American Samoa is an unincorporated territory of the United States located in the South Pacific Ocean. It has a total land area is 76.1 square miles, slightly more than Washington, D.C., and a total population of about 55,000 people. It also has 18 different minimum wages by industry, mandated and enforced by the US Department of Labor. Oh, and an unemployment rate of 29.8% (about 10% of the total population is out of work).

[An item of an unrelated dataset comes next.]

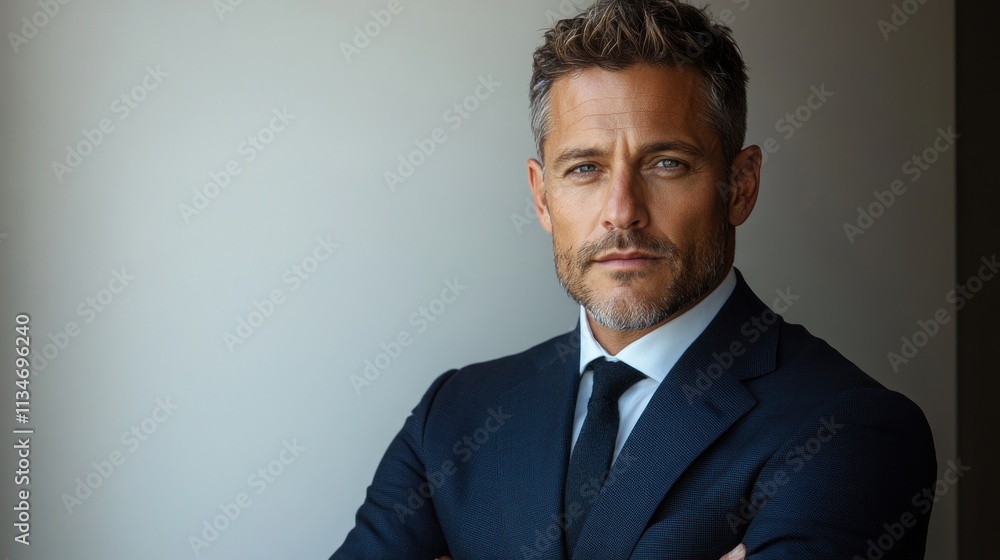 Contemplative Asian Businessman in Tailored Suit Contemplative Asian Businessman in Tailored Suit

Minimum wage advocates would likely say that American Samoa is an anomaly since it has too small a workforce to draw any representative conclusions. And they might be right about that. But as Mark J. Perry asks, why wouldn’t proponents of the US minimum wage support an American Samoa style multiple wage structure:
If you support a single hourly minimum wage in the US, wouldn’t you show even more support for multiple, government-mandated minimum wages by industry? That is, if you trust the supposed wisdom of politicians to know what the “correct” single minimum wage is for the entire US economy (currently $7.25 per hour), shouldn’t you also trust those same politicians to know what the “correct” minimum wage is for America’s many different industries? If a single minimum wage is “good” for the economy, wouldn’t multiple minimum wages by industry be even much better?
If all work is worth either $0 or $7.25 an hour (the current federal minimum wage), why wouldn’t it make sense to have minimums based on the type of work involved? I’ve never heard minimum wage advocates argue for such a position, though. Why not? I’m genuinely curious to know how they might answer.